She went to Stanford, where she studied Comparative Literature (French & German), minored in Creative Writing, and wrote a 200-page rhyming thesis entitled “Time To Rhyme” on the development of rhyme in poetry and theater. She studied with Carl Weber, Harry Elam, Hans Ulrich Gumbrecht, Richard Martin, Roland Greene, Cherrie Moraga, and Gabrielle Calvocoressi. At Stanford, she directed FAUST, CLYTEMNESTRA SPEAKS / CASSANDRA RESPONDS, and GILGAMESH, before crashing and burning in a sea of credit card debt and lack of talent.

Regrouping at a summer workshop run by the San Francisco Mime Troupe, she met Helma Fries of the Berliner Compagnie - who happened to be interested in methods of staging the Greek Chorus. She led her first workshop on the chorus for professional actors at the Mime Troupe.

Months later, at the bewildered and idiotic age of 21, she directed the premiere of Helma Fries’s anti-war play HUMAN BOMBING for the Berliner Compagnie, a political theater ensemble in Kreuzberg. She went all Robert Wilson on it and choreographed every gesture. The production has toured Germany every year since 2003.

Returning to the US, she graduated and came back to Los Angeles to teach workshops on improvised choral theater to high school students - having gotten sick of choreography, and more interested in incorporating actors’ impulses into the chorus. She wanted to find a way for the prevailing ideology of Meisner training, and the notion of “being in the moment,” to co-exist with choral work.

This work led to multiple workshops in high schools and in professional theaters, to several Los Angeles directing credits (see above) and to a two-year job assisting Bill Rauch, as his personal assistant and eventually also as his assistant director, which took her to the Oregon Shakespeare Festival as Bill took over from Libby Appel as the artistic director.

After her work with Bill ended, she moved her home base to the SF Bay Area to continue freelancing as a playwright and director.

16 Responses to “Bio & Contact”

  1. neiman Says:

    ilovedara

  2. Andres Says:

    Dara, you kick butt. Just wanted to say hi and that well, you kick butt.

  3. Phil Says:

    I hadn’t read your words before. I can hear you speaking, it’s nice since you’re so far away. You write well, very well.

    Phillip

  4. Phil Says:

    Ah dear Dara, luck, to quote Mae West, had nothing to do with it. You earned that job by dint of hard and smart work, over several years, for people who were bright enough to recognize your talent and wise enough to utilize you to aid them to do their jobs better and more easily. Give yourself the credit you deserve. You didn’t get the job because you wear Manolo Blahnik shoes or carry a Louis Vuitton handbag. It’s not because you car pooled with Steven Speilberg’s kids. You’re very good at what you do, period.

    The Nubian Prince

  5. weinberg Says:

    Thanks, Phil, Andres, Neiman. I’m all of your biggest fans too. Colorado sends you love.
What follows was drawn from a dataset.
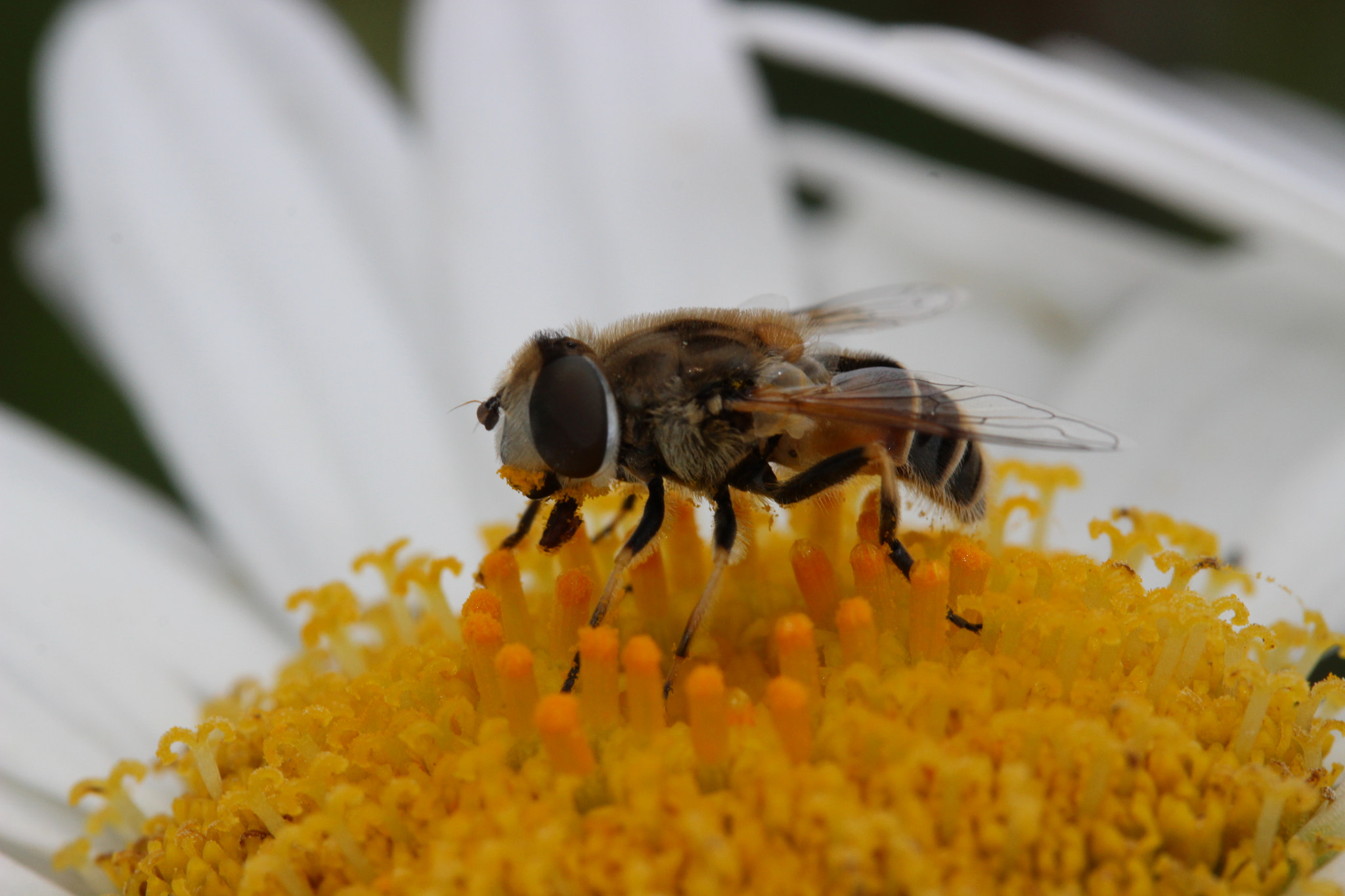 Canon EF-S 60mm F2.8 Macro USM sample photo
    And Phil, I do think luck has something to do with it, because - well, I may have worked hard, I have, but some of this is all just too good to be true.
    Just my opinion.

    My teacher used to say that the best actor in the world is doing dinner theater in Kansas somewhere. So I try not to let the fact that I have jobs that I like indicate to me that I necessarily deserve them. Do you know what I mean? It’s one thing to know you can do it, but there’s always someone else who can, too. So there is luck. And I have been lucky.
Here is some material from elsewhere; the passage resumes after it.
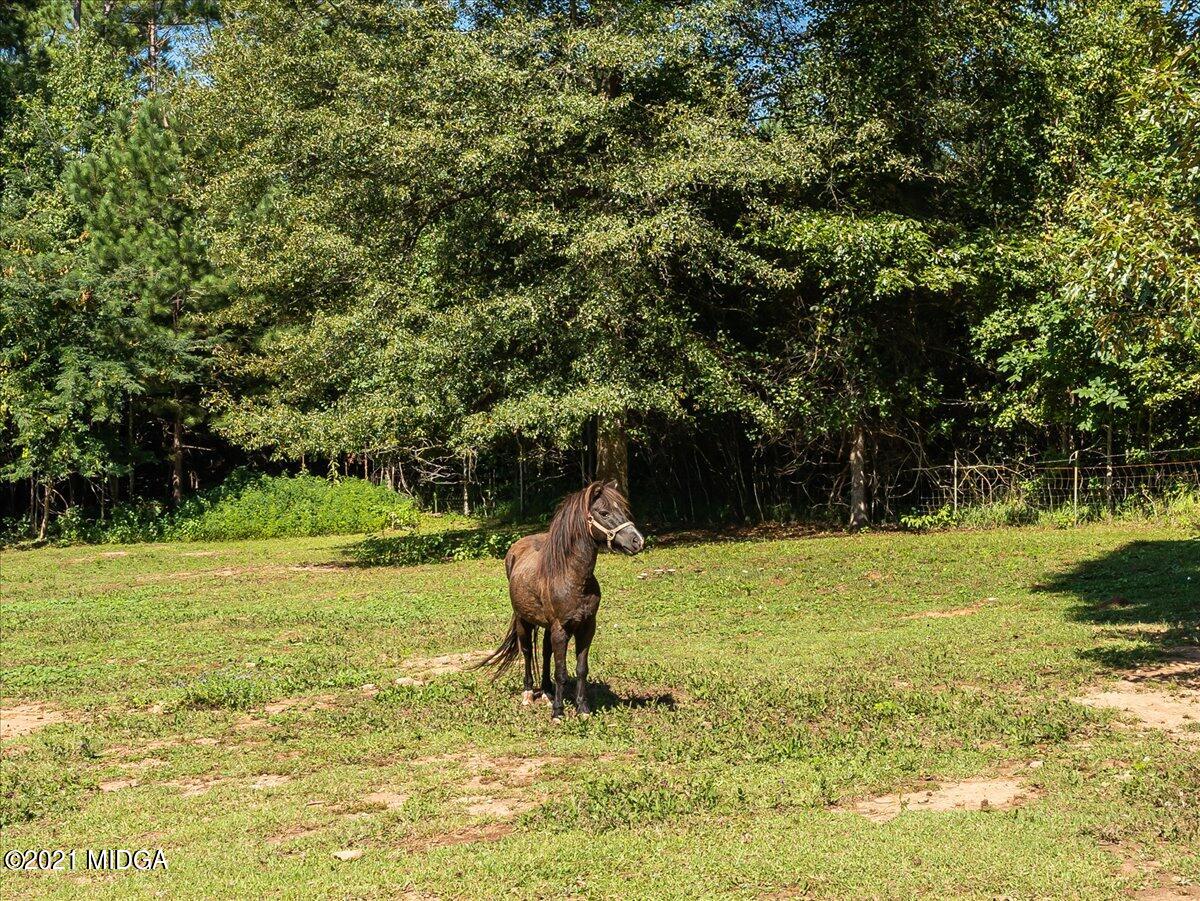 1886 Reedy Creek Road Forsyth, GA 31029 - Photo 32 of 37 31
    I want to keep that in mind.

  6. Phil Says:

    While I see your point? I am of the opinion that as Louis Pasteur so aptly pointed out, “Luck favors the mind that is prepared.” And it’s not too good to be true. It IS true. I love being pompous AND right. :-)
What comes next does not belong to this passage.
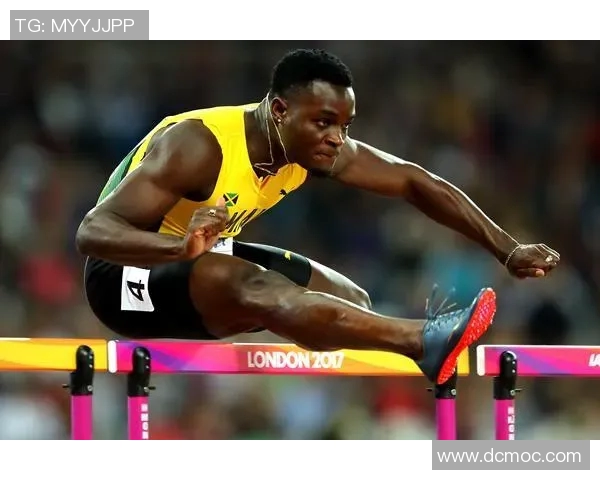 专访杨伟：深入探讨排球运动成功背后的秘密与经验分享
    One more thing? You have been traveling too much, Dara. Today is the 8th not the 9th. ~winks~ Sunday is the 9th.

    That is all

    Phillip

  7. weinberg Says:

    You’re right, and yes, you’re pompous :)
    And I think the clock in my computer, or WordPress, is messed up - I don’t set the dates. But I’ll fix it.

  8. Phil Says:

    Guess what? Guess what? we had a full house last night! I couldn’t watch the show so a PAYING audience member could have a seat! I’m so excited, I just can’t hide it! I’m about to lose control and I, sorry, I got carried away there. Ron came too and liked it a lot. ;-)

    K, bye

    Phil

  9. Phil Says:

    Yikes! You are getting your share of snow, aren’t you? Stay warm, dear

    Phil

  10. Phil Says:

    Hey Dara, I had breakfast with Ron today. He’s well and spoke highly of you. Here’s a URL for a blog I read this morning. Let me know what you think?

  11. O Solis Says:

    Oh Dara, kind, sweet, talented Dara! We hardly knew ye!

    We had fantastic previews, a superb opening, and the show rolls along gathering steam! And I owe much of it to you! You were just the right addition to our process, bringing a tireless sense of service and wisdom to Juliette and myself. I don’t think I even understood just how deep your contribution was to Lydia until you left. And we sorely missed you. Thank you for your awesome work, your patience with this numbskull playwright, and your keen heart in our warmest hours.

    Forgive me if I ever took you for granted or condescended to you. I just never realized the extent of your engagement and service. Formidable and unforgettable.

    Now I am back in SF rehearsing the next one- no time to savor the afterglow of success- and staying up late again making revisions. And I find myself thinking… what would Dara do? That may be the mantra of ‘08.

    Dara, tell me, are you on a Mac or pc? Do you have i-Tunes? Where in heavens name are you now?

    sending you love from the City of Love,

    O.

  12. Tic Tac Says:

    This is my partner in crime. Our crime spree is on a hiatus. We don’t steal no money. We rob people of a couple hours of their time.
    I don’t exaggerate. I am not gonna claim that I would kill for Dara. But I would kick your fucking ass for her.

  13. weinberg Says:

    I love you, Octavio. I find myself thinking “What would Octavio do?” quite often. Especially with this Antioch college strike project. Remind me to tell you more about it - it’s fascinating.

  14. weinberg Says:

    We rob them of their time…and we give it to the poor of King Richard’s England. Miss you, Terry T.

  15. Jessica Says:

    Dude. I found you! (This is Jessica Fisher, now Jessica Zeckel, who you used to hang out with in middle school!) I have been searching Facebook for you and couldn’t find you so I decided to google you, and look what the first link was! The other day I pulled a long-forgotten jacket out of storage and stuck my hand in the secret inner pocket only to find my ticket stub from going to see Lysistrata at Harvard Westlake. I’m so glad I found your blog, it’s great to see what you’ve been up to for the past, oh, ten years or so . . .

  16. weinberg Says:

    Hi Jessica! It’s so awesome that you found me! Sorry I’m not on Facebook, I find it oddly terrifying. So good to hear from you! I emailed you…please let me know what’s going on with you? I think it’s fantastic that you still have a LYSISTRATA ticket stub. That play never stops having power in my life.